INFORMATION PROVIDED →
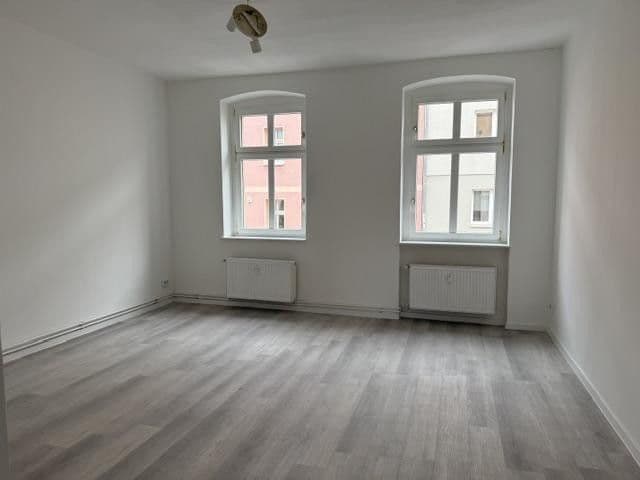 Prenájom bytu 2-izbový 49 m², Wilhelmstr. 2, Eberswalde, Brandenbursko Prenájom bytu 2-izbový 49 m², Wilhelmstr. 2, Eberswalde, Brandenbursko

* * *

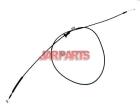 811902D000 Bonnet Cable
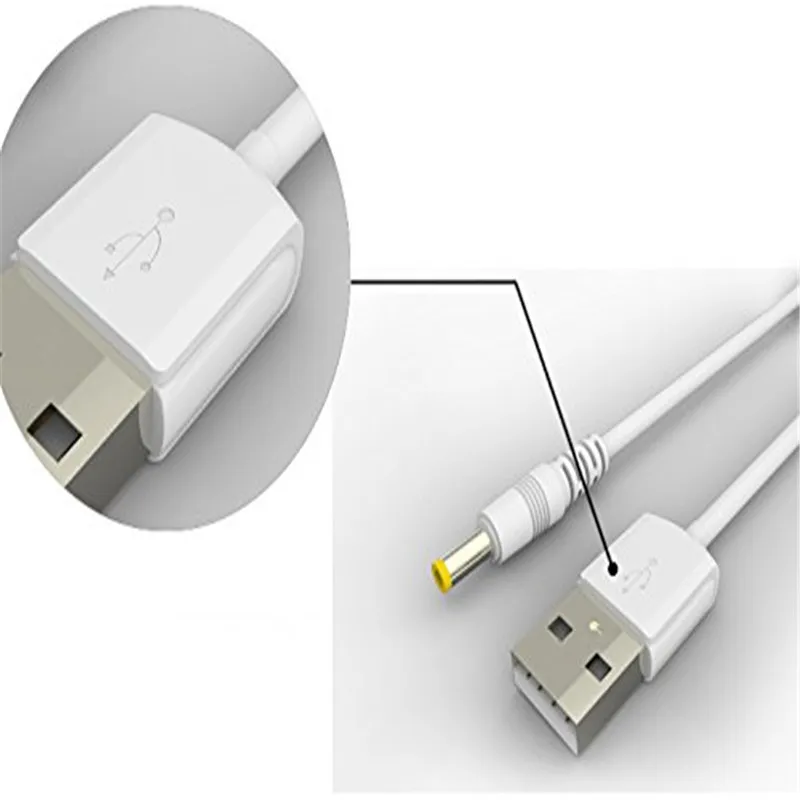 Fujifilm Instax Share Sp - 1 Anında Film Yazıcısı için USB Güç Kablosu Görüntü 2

YOUR TASK → Above are records with pictures. Reproduce exactly only the lines from the line with "811902D000 Bonnet Cable" through the line with "Fujifilm Instax Share", both ends included, and leave the pictures out.

EXERCISE RESPONSE →
 811902D000 Bonnet Cable
 Fujifilm Instax Share Sp - 1 Anında Film Yazıcısı için USB Güç Kablosu Görüntü 2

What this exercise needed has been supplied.